With the advancement of the working face, the water-guiding fracture zone continues to develop upward. To reflect the relationship between the water-guiding fracture zone and advancement of the working face more intuitively, Origin mapping software is used to draw the distribution curves according to the test data, as shown in Figure 13. As can be seen from Figure 13, with the advancement of the working face, the development height of the water-conducting fracture zone increases rapidly at first and then increases slowly to a stable level. The development height of the water-conducting fracture zone then stabilizes at approximately 74.6 m and does not develop further. This shows that the maximum development height of the water-conducting fracture zone is approximately 74.6 m, which is 15.87 times the thickness of the coal layer.

Figure 13

Figure 13. Distribution of the development height of the fracture zone with advancement of the working face.

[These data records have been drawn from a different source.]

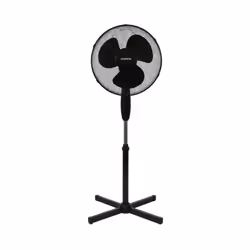 Oceanic - Ventilateur de pied 45 w - ø 41 cm - 3 vitesses - Oscillant - Inclinable - Noir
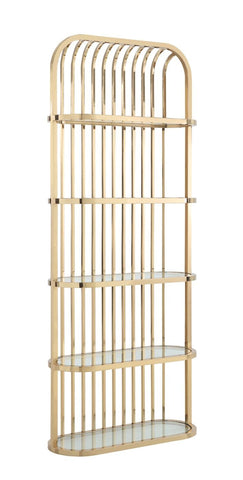 Modrest Doral Clear Glass & Gold Shelf Model VGZAZWJ118-GLD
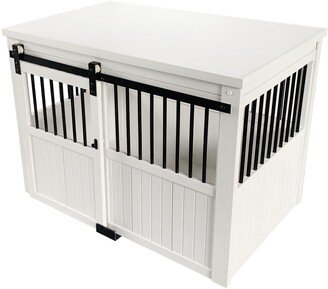 New Age Pet™ ECOFLEX® Homestead Sliding Barn Door Dog Crate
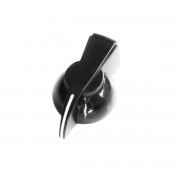 Bakelite Chicken Head Knob 1104, black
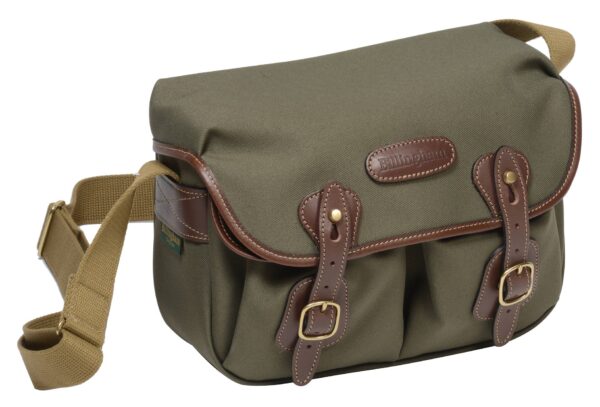 Billingham Hadley Small Camera Shoulder Bag, Sage Fibrenyte-Chocolate Trim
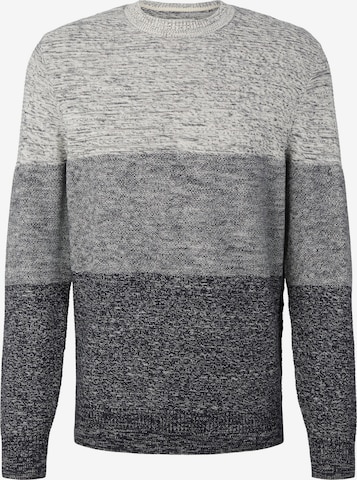 TOM TAILOR Sweater in Grey: front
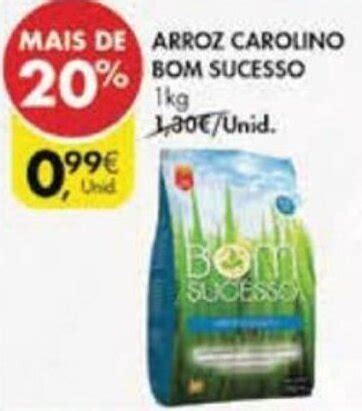 Promoção Arroz Carolino Bom Sucesso 1kg em Pingo Doce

4.5 Analysis of the displacement law of the overlying rock model

In the physical similarity simulation experiments, the coal seam was excavated stepwise, and the displacement measurement points on the back of the test platform were moved by different degrees after each excavation. The movement of each displacement measurement point can be obtained by comparison with the initial position. The lateral and longitudinal displacements of the measuring points can be recorded and calculated using the XTDP 3D optical photogrammetry system. The longitudinal subsidence of each measurement point is obtained using XTDP 3D optical photogrammetry because the lateral displacements of the rock strata are very small and can be ignored. A total of three measurement lines are arranged on the back of the model, and the subsidence displacements of the measurement lines are shown in Figures 14–16.

Figure 14

Figure 14. Vertical displacement curve at survey line 3.

Figure 15

Figure 15. Vertical displacement curve at survey line 2.

Figure 16

Figure 16. Vertical displacement curve at survey line 1.

Figure 14 shows the changes in the vertical displacements of survey line 3 during coal-seam excavation. The vertical distance of survey line 6 from the coal-seam roof is 80 m. Before the working face advances to 133 m, survey line 3 only has slight deformation, indicating that the mining dynamic disturbance has not affected the place 50 m before the working face advances to 133 m. When the working face advances to 148 m, the vertical displacement of survey line 6 changes greatly. At this time, the maximum subsidence displacement is 0.51 m, indicating that the caving zone of the overlying rock is further compacted and that the roof collapses in a large area, resulting in rapid upward development of cracks in the overlying rock such that the breakaway cracks in the middle of the overlying rock are gradually compacted and closed. In the process of gradually advancing to 190 m, given the periodic breaking of the overlying rock, the vertical displacement measurement lines change in stages, and the final maximum subsidence value was 0.58 m.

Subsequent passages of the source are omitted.